For people unfamiliar with you, could you please share a bit about the technique itself and how you came to practice it?

I open a 3D program, create a sketch in it, and then transfer that sketch onto the client’s skin. This gives me complete creative freedom: in composition, color, and ideas. 

The problem in the tattoo world is that:Tattoo artists often take images from Pinterest or Google, simply outline them (turning them into a certain tattoo style, like dotwork or new school), and present them as their own. As a result, we end up with a plethora of internet-sourced designs that are almost identical, with only minor variations.

3D, on the other hand, provides the artist with much more creativity: a slight change in perspective, adding a light source – and voila, it’s done! A couple of mouse clicks and a unique project is ready. And if you’re also can do modeling or sculpting  – then there are no limits.

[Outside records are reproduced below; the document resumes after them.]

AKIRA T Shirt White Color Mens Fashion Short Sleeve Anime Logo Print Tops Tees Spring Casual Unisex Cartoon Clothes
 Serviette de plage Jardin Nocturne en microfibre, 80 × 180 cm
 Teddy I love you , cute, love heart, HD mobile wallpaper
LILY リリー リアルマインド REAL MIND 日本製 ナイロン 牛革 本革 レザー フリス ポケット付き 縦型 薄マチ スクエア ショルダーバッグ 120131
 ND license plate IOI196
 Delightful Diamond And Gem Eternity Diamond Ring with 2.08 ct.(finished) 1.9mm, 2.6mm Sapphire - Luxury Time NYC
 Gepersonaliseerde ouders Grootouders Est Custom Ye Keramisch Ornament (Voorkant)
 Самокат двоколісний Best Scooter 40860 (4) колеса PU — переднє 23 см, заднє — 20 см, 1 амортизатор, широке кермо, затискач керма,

Do you listen to music while working? If so, what kind of music gets you in the zone?

Of course! I always choose music based on the task at hand: if I need to focus, concentrate, and calm my mind – I opt for mantras or kirtans. If I find myself a bit tired or need speed in my work – various mixes, DJ sets, techno. Therefore, the palette of my musical taste is quite extensive.

How do you perceive art in general, and how do you approach it?

For me, art is primarily a language of communication. Just like I’m writing this sentence now, I believe I could also draw it. But unlike letters or sounds, visual art works instantly, penetrating you as a whole, even into your subconscious. Additionally, art is a divine energy that flows through each of us. Some are more open to this flow, while others are closed off. But everything can be changed.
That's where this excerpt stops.